Records provided:
--- START ---
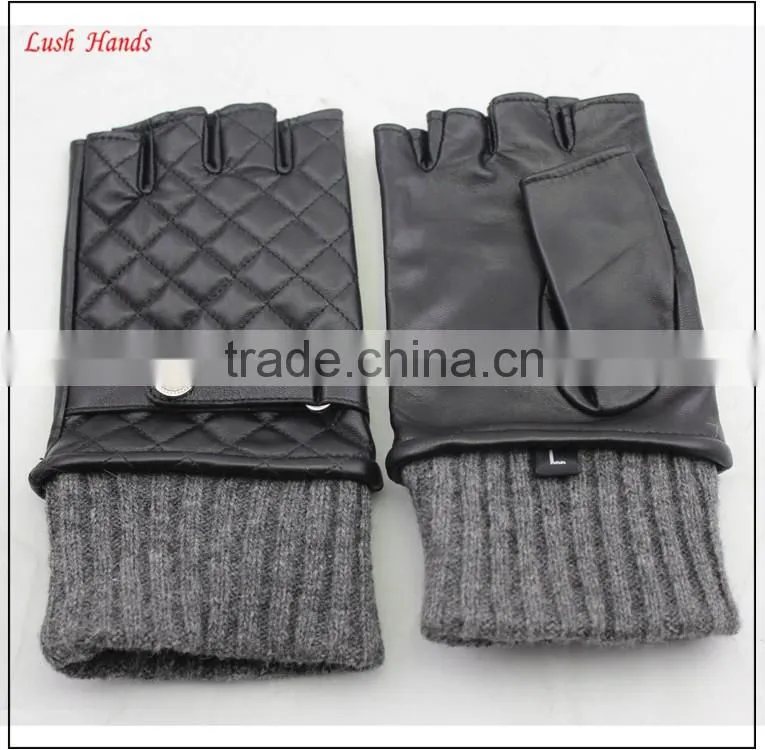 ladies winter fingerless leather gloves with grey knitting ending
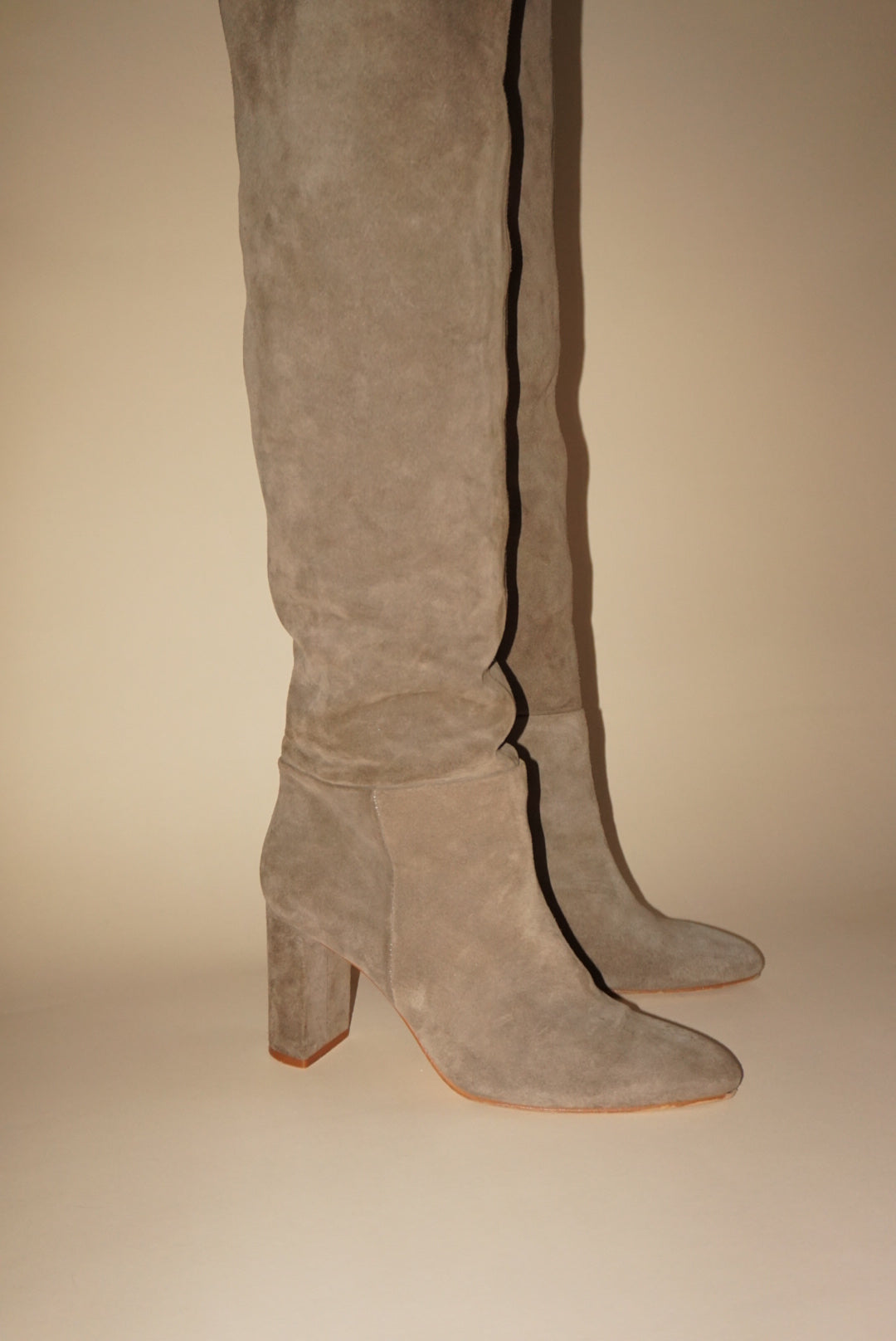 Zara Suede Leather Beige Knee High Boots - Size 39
--- END ---
--- START ---
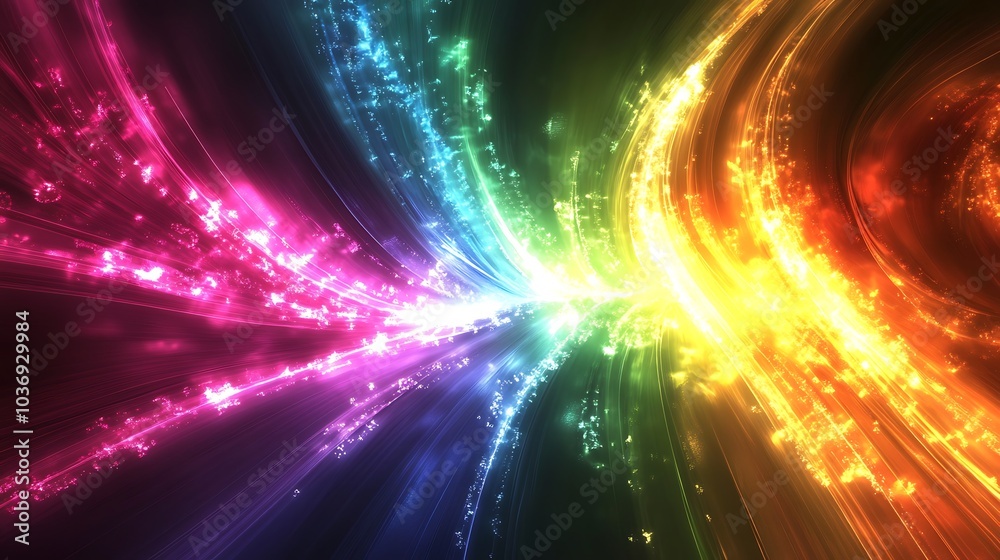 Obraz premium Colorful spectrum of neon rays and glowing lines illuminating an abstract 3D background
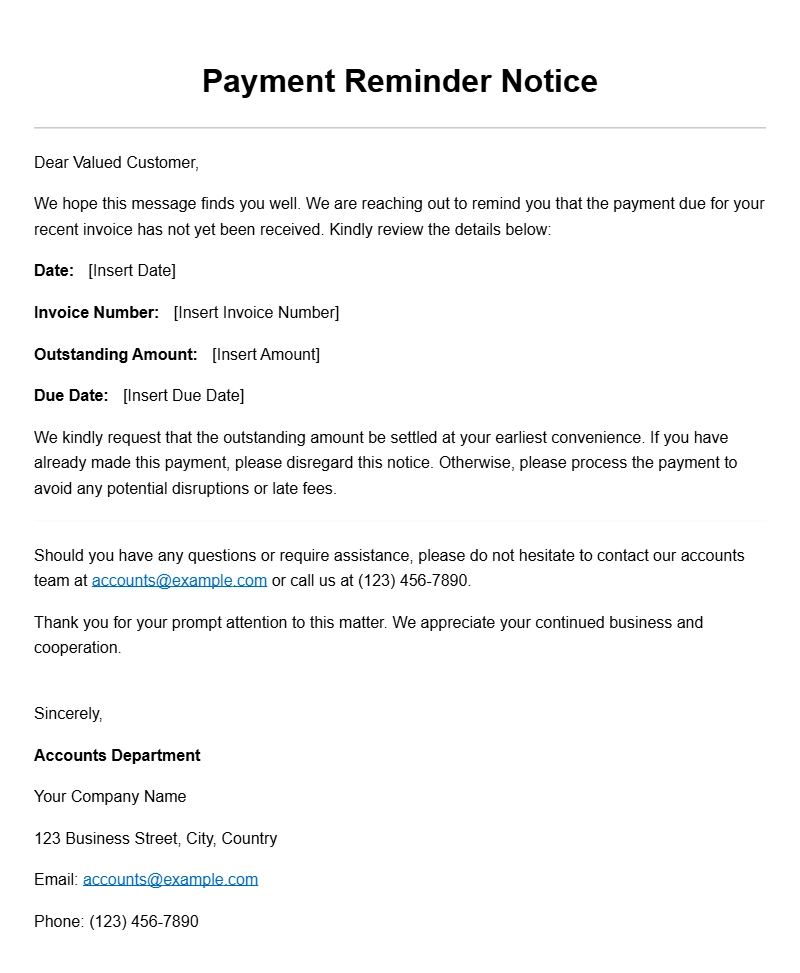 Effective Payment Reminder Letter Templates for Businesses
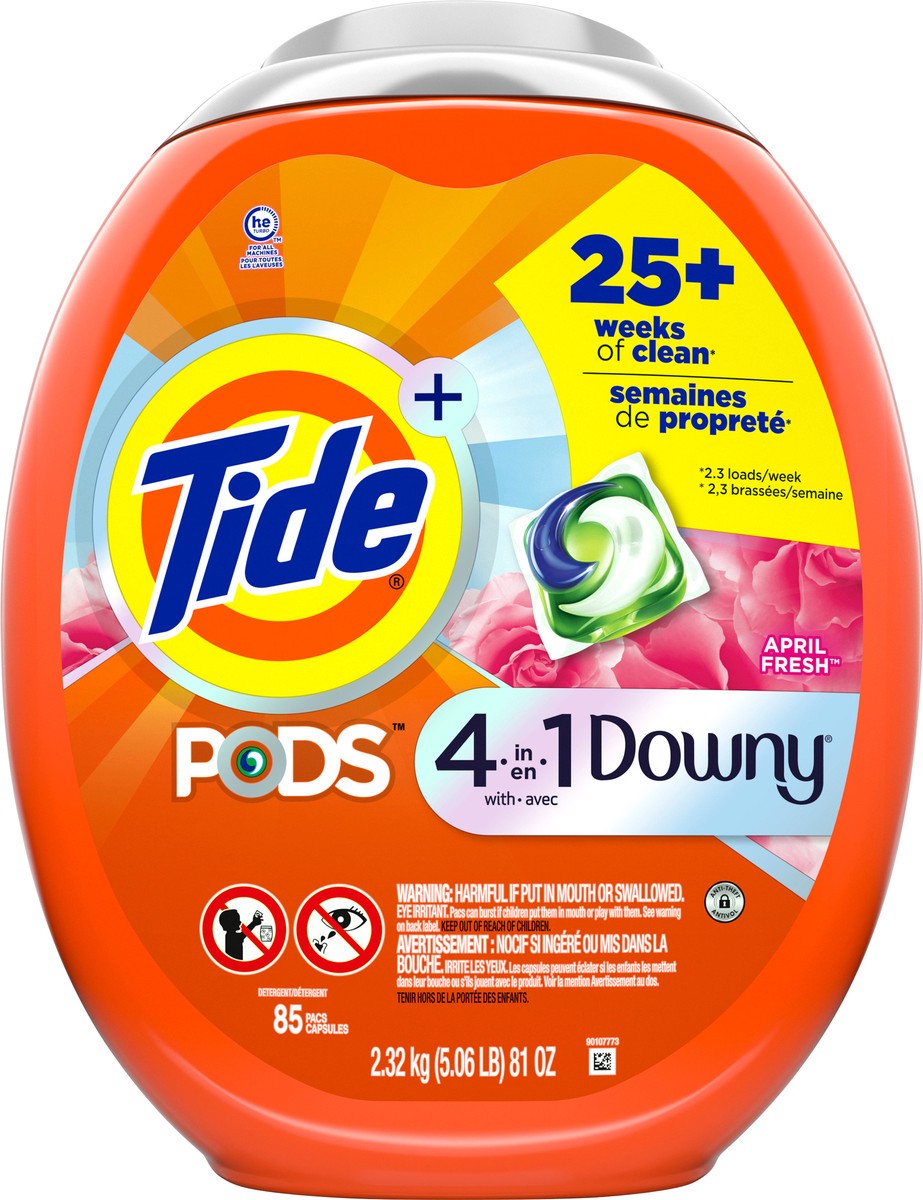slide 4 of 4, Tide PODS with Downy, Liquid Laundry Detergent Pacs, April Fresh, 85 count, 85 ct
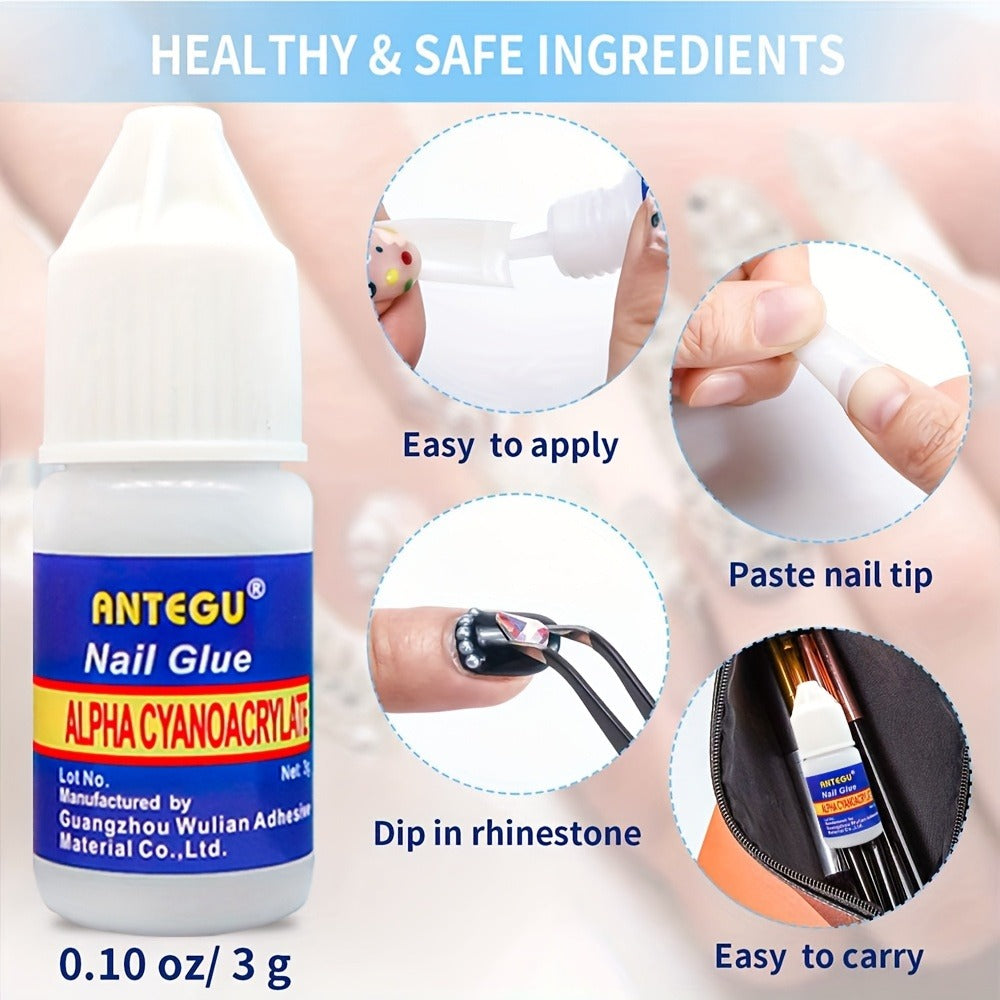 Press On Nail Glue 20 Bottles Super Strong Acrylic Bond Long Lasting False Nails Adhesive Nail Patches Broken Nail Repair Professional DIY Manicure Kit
--- END ---
--- START ---
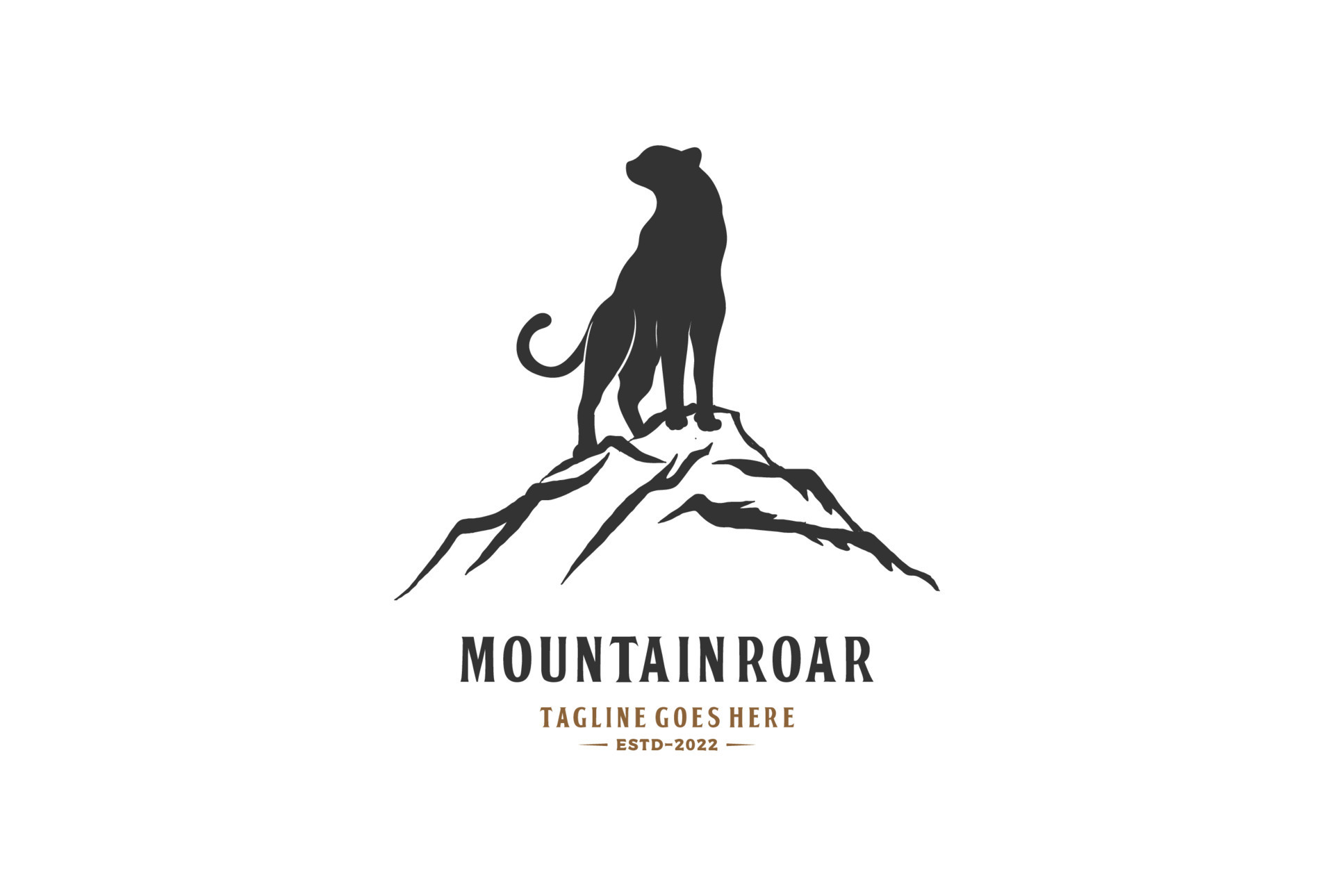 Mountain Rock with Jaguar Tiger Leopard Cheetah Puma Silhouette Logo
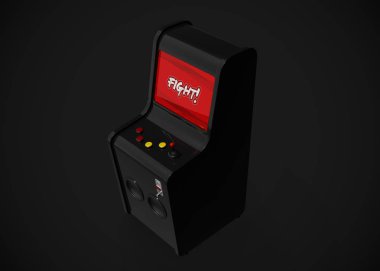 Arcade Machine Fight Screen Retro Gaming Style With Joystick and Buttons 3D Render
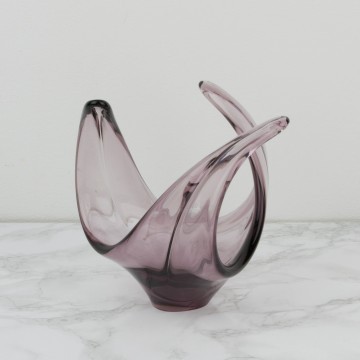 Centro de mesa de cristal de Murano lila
--- END ---
Exercise description:
Your output should be the lines above from the one that contains "slide 4 of 4, Tide" through the one that contains "Press On Nail", word for word, with pictures left out.

Task response:
slide 4 of 4, Tide PODS with Downy, Liquid Laundry Detergent Pacs, April Fresh, 85 count, 85 ct
 Press On Nail Glue 20 Bottles Super Strong Acrylic Bond Long Lasting False Nails Adhesive Nail Patches Broken Nail Repair Professional DIY Manicure Kit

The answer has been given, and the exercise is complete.